WHAT THE TASK ASKS: Make an exact copy of the data below, leaving out every picture.

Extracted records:
- - -

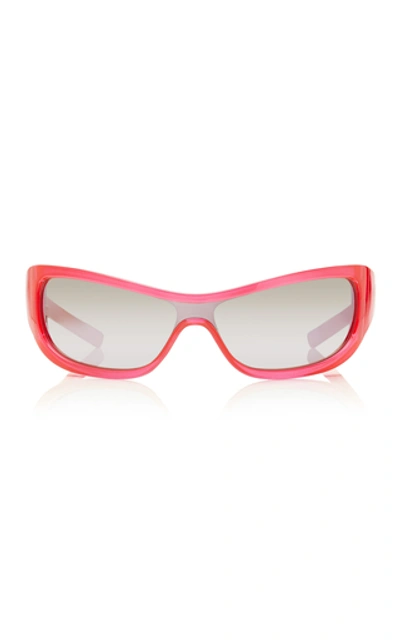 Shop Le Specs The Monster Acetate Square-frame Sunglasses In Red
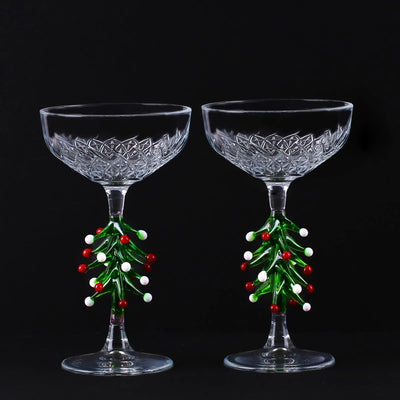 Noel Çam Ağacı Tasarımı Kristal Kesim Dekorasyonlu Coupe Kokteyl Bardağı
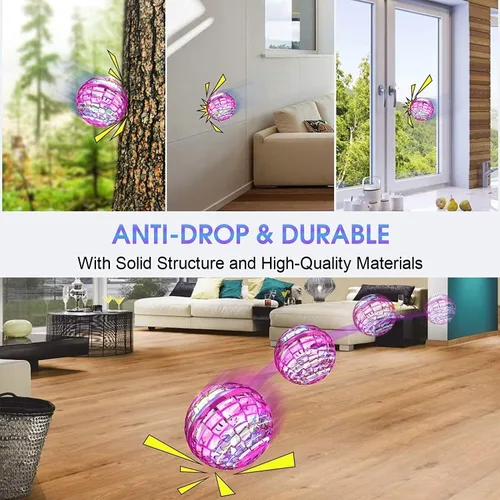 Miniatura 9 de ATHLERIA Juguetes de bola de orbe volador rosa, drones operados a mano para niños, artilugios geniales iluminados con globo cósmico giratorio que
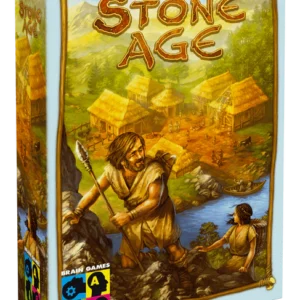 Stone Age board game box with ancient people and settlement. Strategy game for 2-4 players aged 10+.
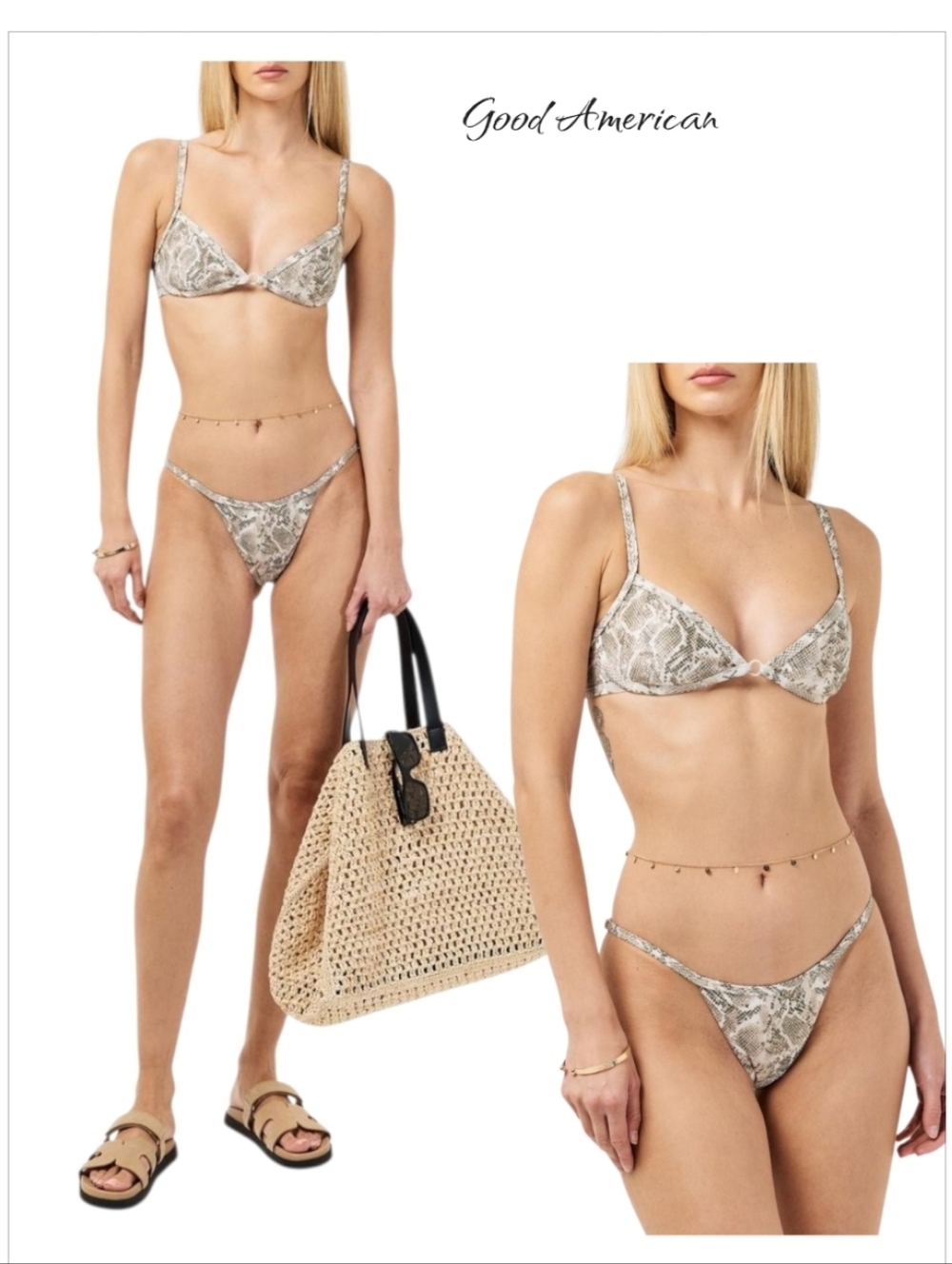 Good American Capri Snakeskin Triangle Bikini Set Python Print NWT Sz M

- - -

EXERCISE SOLUTION:
 Shop Le Specs The Monster Acetate Square-frame Sunglasses In Red
 Noel Çam Ağacı Tasarımı Kristal Kesim Dekorasyonlu Coupe Kokteyl Bardağı
 Miniatura 9 de ATHLERIA Juguetes de bola de orbe volador rosa, drones operados a mano para niños, artilugios geniales iluminados con globo cósmico giratorio que
 Stone Age board game box with ancient people and settlement. Strategy game for 2-4 players aged 10+.
 Good American Capri Snakeskin Triangle Bikini Set Python Print NWT Sz M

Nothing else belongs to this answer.